Once the interviews were finished and the arena empty, University of South Florida guard Dominique Jones sprawled out on the court and made a phone call.
Jones wanted to talk to someone special about what had just transpired.
He dialed up his father, Norman, who was back in Lake Wales where Jones grew up. It was creeping up on midnight Saturday, but Jones knew his dad would still be wide awake.
There was no way Norman Jones could sleep after watching his son score a career-high 46 points in USF's 109-105 win at Providence. Jones not only broke Charlie Bradley's school record for points in a game - Bradley's 42 against Florida State in 1982 had stood longer than Jones has been alive - but also he scored more points than any player in Big East Conference history other than Providence's Eric Murdock.
"I knew (my dad) was at home very proud of us and of me for winning the game," Jones said.
So was Bradley, who is still USF's all-time leading scorer. Bradley lives in Tampa and works for the city's parks and recreation department. He often attends home games, but like Norman Jones, Bradley was at home watching the game on TV Saturday night.

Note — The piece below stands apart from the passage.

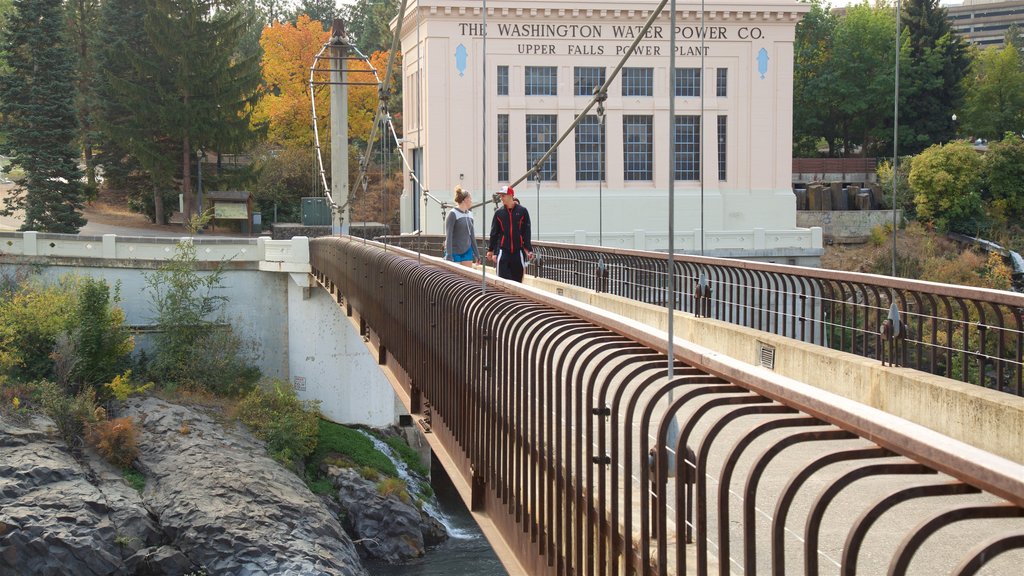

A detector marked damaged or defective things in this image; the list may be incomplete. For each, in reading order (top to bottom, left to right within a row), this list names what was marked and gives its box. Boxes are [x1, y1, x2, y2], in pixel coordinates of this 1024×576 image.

rusted steel railing [311, 234, 1024, 573]
rusted steel railing [378, 233, 1024, 393]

Bradley had to leave at halftime to pick up his daughter from a dance competition, but he heard Jones break his record on the radio. Jones' free throw with 31 seconds left put USF up 106-103 and officially dropped Bradley a spot in the record book.
"It's great to have him break it," Bradley said. "He's very deserving of the record. Records are made to be broken. It is a record that's been great to have, but it's even more impressive on how he went about breaking the record."
In the 31-year history of the Big East, only two players have scored 45 points in a game - Murdock scored 45 at Arizona a month before his Big East-record 48 against Pittsburgh in 1991 - and a player has scored 40 or more points in a conference game just 21 times during that span, including a 41-point performance by Seton Hall's Jeremy Hazell against West Virginia this season.
Jones just didn't score points Saturday, but he added eight assists and matched his career high with 10 rebounds. He hit 15 of 23 shots and 14 of 18 free throws.
"I think that's the best (game) that I've played," said Jones, a 21-year-old junior. "I knew one thing, that I just had to keep scoring, keep providing for my team, because there was still a chance that we could come back and win."
Jones will be back on the court Thursday night when the Bulls play host to Seton Hall at the Sun Dome. Tipoff is at 7 p.m.
Overlooked by most top programs coming out of Lake Wales, Jones landed at USF and has developed into one of the best players in the program's history. He moved into sixth place on the school's all-time scoring list, and overtaking Bradley's school record for career points should be within reach if he remains healthy next season.
"I feel like I was underrated, even now," he said. "I just know people respect people who win. If we make it to the postseason, and we win, I'll get all the respect I'm looking for."
Jones doesn't have to worry about his coach overlooking him. Stan Heath told Jones after Saturday's game that his performance was the best of any player he has coached.
"I've coached some great ones, some guys who are playing in the NBA," Heath said. "I've never had a player that performed as well as he did in a game. What was so impressive was the fact he did it in such a way that led our team to victory.
"He's such a special player. Every game that we go into, he is a marked man. We say the floor gets tilted every time he has the ball, because all five of their players are going to be on one side of the court."
Perhaps Jones' most impressive play at Providence came at the end of regulation when he deflected an inbound pass, forcing a turnover that led to freshman Toarlyn Fitzpatrick's 3-pointer with 0.3 seconds left to force overtime.
Afterward in the locker room, Fitzpatrick knew Jones had a great game, but he couldn't take his eyes off Jones' stat line in the box score.
"It hit me after the game when I looked at the stats and saw he had 46 points," Fitzpatrick said. "It just goes to show that hard work pays off. He stays in the gym. It's really showing out there on the court."
At 6-foot-4, Jones is more of a shooting guard than a point guard, but he's asked to handle the ball often in his role as floor leader. He has taken on added scoring responsibilities since forward Gus Gilchrist, the team's leading scorer (18.8 points) the first month of the season, went down with an ankle injury Dec. 7.
In the last six games, Jones is averaging 28.5 points to boost his average to 21, third in the Big East. He has also taken on the role of verbal leader, publicly challenging teammates to spend more time in the gym after a disappointing home loss to West Virginia earlier this month.
"I didn't mind what he said," Heath said. "More than anything, he just challenged the team to put in more work outside of practice. He does it, and it pays off for him. He just wanted guys to walk the walk and not just talk the talk.
"He's the leader."
That's exactly the way Jones wants it.
"I hold myself to a (high) standard," Jones said. "I was kind of mad I missed the four free throws and that I couldn't be the No. 1 leading scorer in the Big East."